Requirement
Return the records word for word. Pictures do not belong in the copy.

(Pictures with short captions)
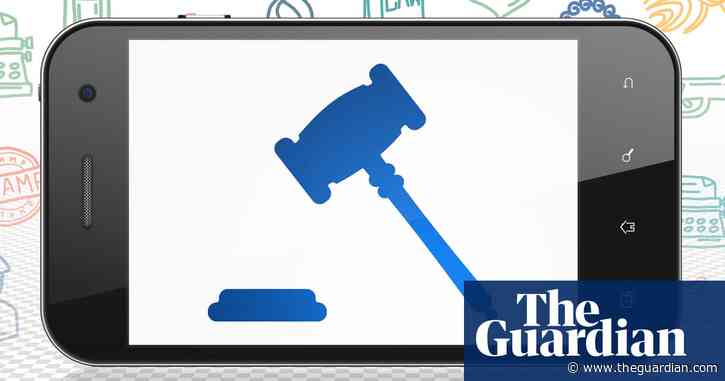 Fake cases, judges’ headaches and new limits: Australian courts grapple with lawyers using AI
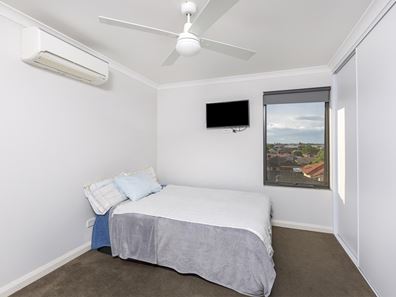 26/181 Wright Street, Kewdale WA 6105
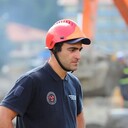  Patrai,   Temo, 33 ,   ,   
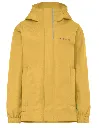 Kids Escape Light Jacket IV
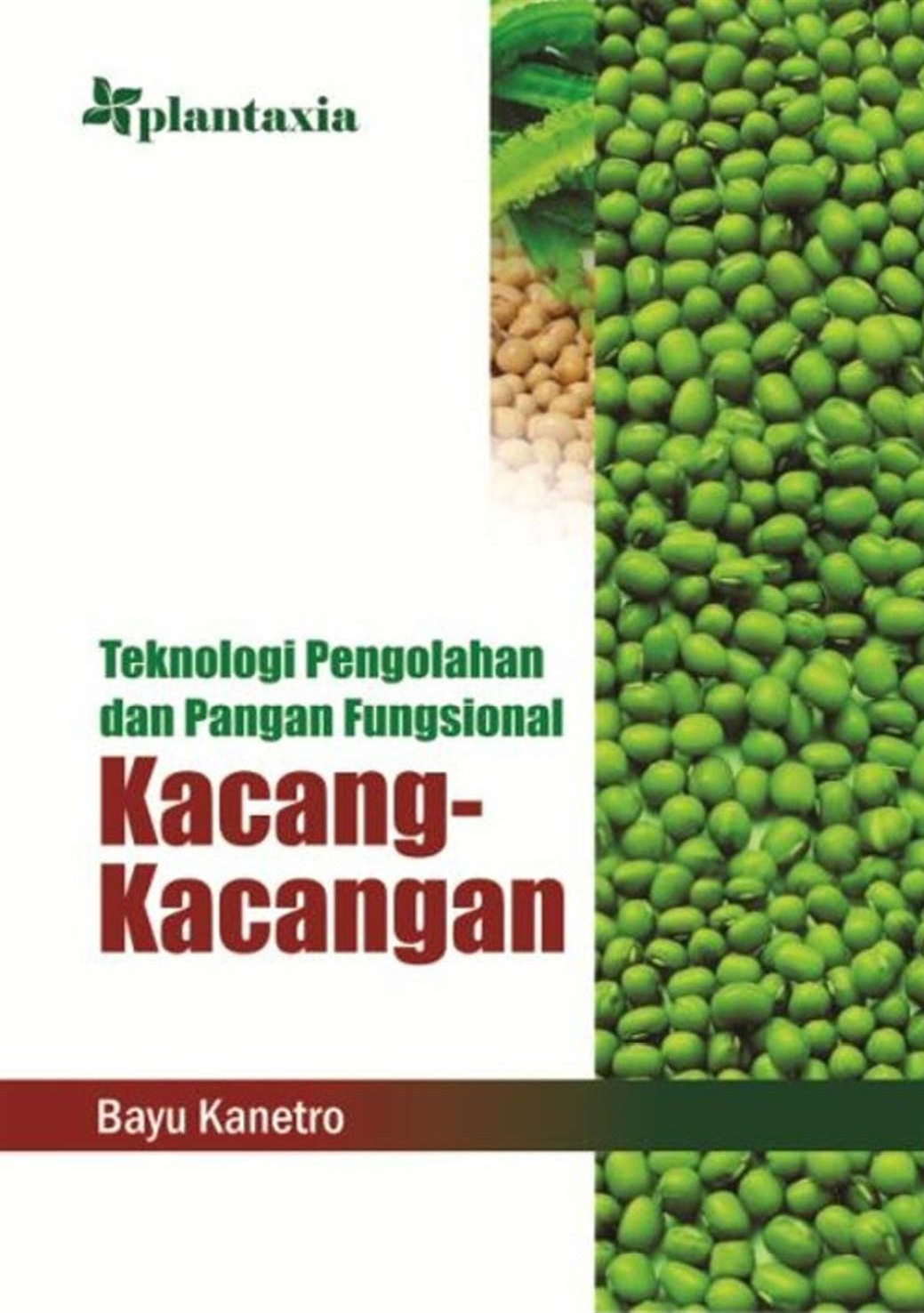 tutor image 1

Problem solution
 Fake cases, judges’ headaches and new limits: Australian courts grapple with lawyers using AI
 26/181 Wright Street, Kewdale WA 6105
  Patrai,   Temo, 33 ,   ,   
 Kids Escape Light Jacket IV
 tutor image 1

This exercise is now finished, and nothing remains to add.